Page content sentiment data in Snowplow

Hey!

we’re working on merging Snowplow pipeline with the NLP pipeline. Our goal is to have the sentiment of the page content and model performance metrics, being passed as custom event properties in a pipeline that moves 150+ mln events a month. The content of each page changes every day.

The best idea we came up with so far is this.

  1. Create a dedicated custom context/schema for each page (can be 100’s of pages - does it make sense?).
  2. Re-run scraping and predictions and update each page’s custom context values with the latest sentiments and model performance metrics every day.
  3. Refer custom contexts as an extra argument in all Snowplow’s track…() events, depending on which page is being viewed in the session.

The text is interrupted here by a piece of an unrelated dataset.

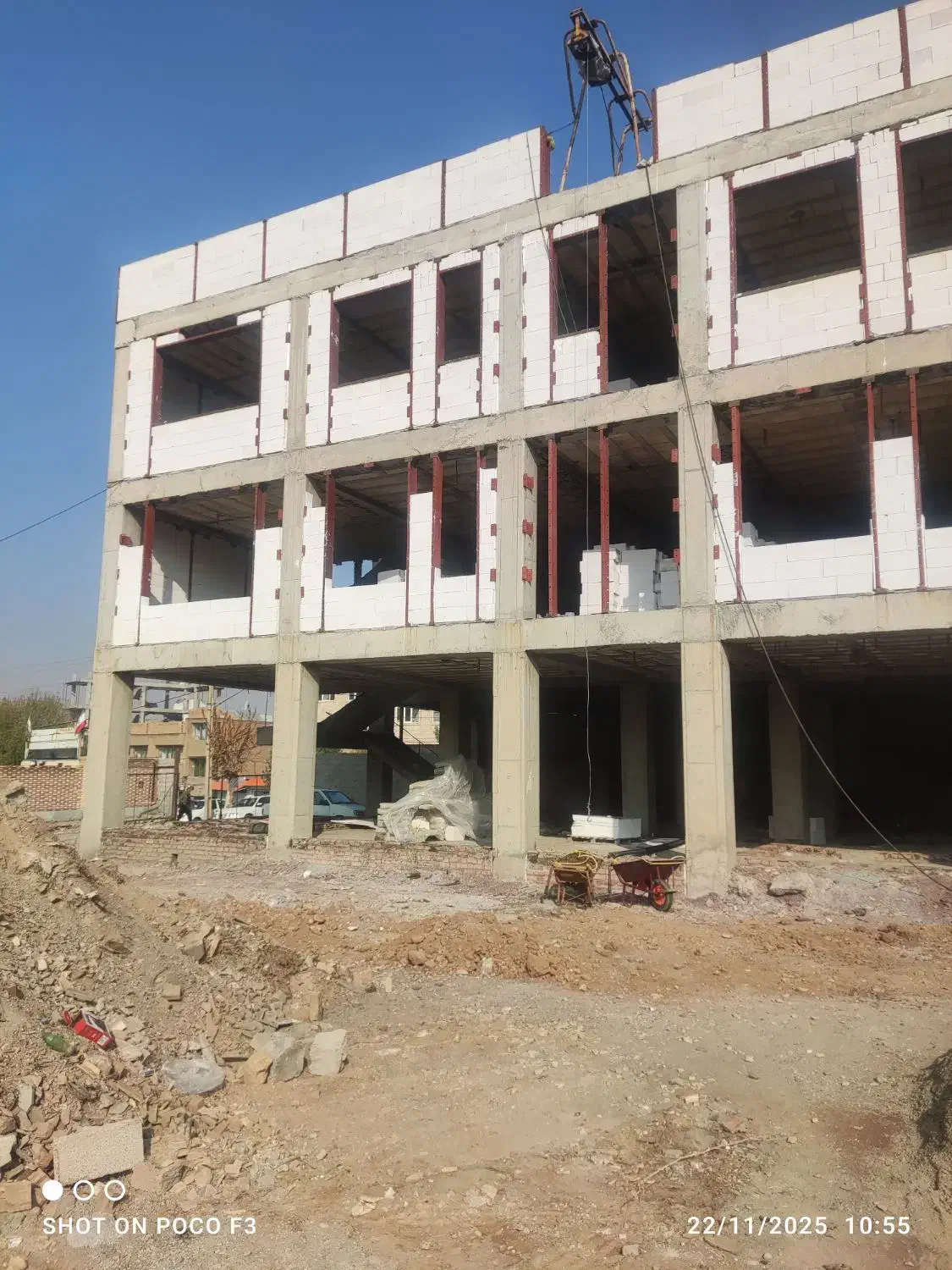 خواهان بنا و جوشکار|استخدام معماری، عمران و ساختمانی|مهاباد (آذربایجان غربی), |دیوار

What do you think? It it a Snowplow-ish way to do what we want to do?

Thanks!

Do you have shared properties across multiple pages that you want to capture as attributes? If so I would avoid having a separate context for each page - 100s of schemas is doable but not really optimal. If it’s possible sharing an example of what you’d like to hypothetically send might make it easier to design this structure.

Is this your own content or content on another site? If it’s your own content I’d be tempted to do the sentiment scoring / NLP analysis in the enrichment part of the pipeline if possible rather than necessarily the frontend using a lookup on content id.

1 Like

Thanks for the thoughts!

Do you have shared properties across multiple pages that you want to capture as attributes? If so I would avoid having a separate context for each page - 100s of schemas is doable but not really optimal. If it’s possible sharing an example of what you’d like to hypothetically send might make it easier to design this structure.

Yes, we’ll use the same properties across all pages. The custom context we created so far would be as below (probably not fully validated).

100s / autogenerated schemas - it is not optimal from the pipeline perspective or just the management of it?

{
   "$schema":"http://iglucentral.com/schemas/com.snowplowanalytics.self-desc/schema/jsonschema/1-0-0#",
   "description":"Schema for content classification",
   "self":{
      "vendor":"com.dtm",
      "name":"sentiment",
      "format":"jsonschema",
      "version":"1-0-0"
   },
   "type":"object",
   "properties":{
      "automotive":{
         "direction": "positive",
         "positivity": 100,
         "negativity": 0,
         "score": 3,
         "words": 221,
         "sentences": 13,
         "precision": 0.8,
         "recall": 0.4,
         "f": 0.55
      },
      "books_literature": {
         "direction": "positive",
         "positivity": 100,
         "negativity": 0,
         "score": 3,
         "words": 221,
         "sentences": 13,
         "precision": 0.8,
         "recall": 0.4,
         "f": 0.55
      },
      "business_finance":{
         "direction": "negative",
         "positivity": 23,
         "negativity": 77,
         "score": 3,
         "words": 221,
         "sentences": 13,
         "precision": 0.8,
         "recall": 0.4,
         "f": 0.55
      },
      "travel": {
         "direction": "positive",
         "positivity": 100,
         "negativity": 0,
         "score": 3,
         "words": 221,
         "sentences": 13,
         "precision": 0.8,
         "recall": 0.4,
         "f": 0.55
      }
   },
   "additionalProperties": false
}

Is this your own content or content on another site? If it’s your own content I’d be tempted to do the sentiment scoring / NLP analysis in the enrichment part of the pipeline if possible rather than necessarily the frontend using a lookup on content id.

Got it. The content is from multiple sites, we have no control over the content. By enrichment you mean custom javascript enrichment?

A little bit of both. If you have common shared properties I’d see if you can use a couple of schemas which is generally possible rather than one schema per piece of content.

You could use the Javascript enrichment but I’d lean towards the API enrichment depending on how you are doing the crawling / scoring e.g., whether it’s at collection time or you have content that has been pre-scored.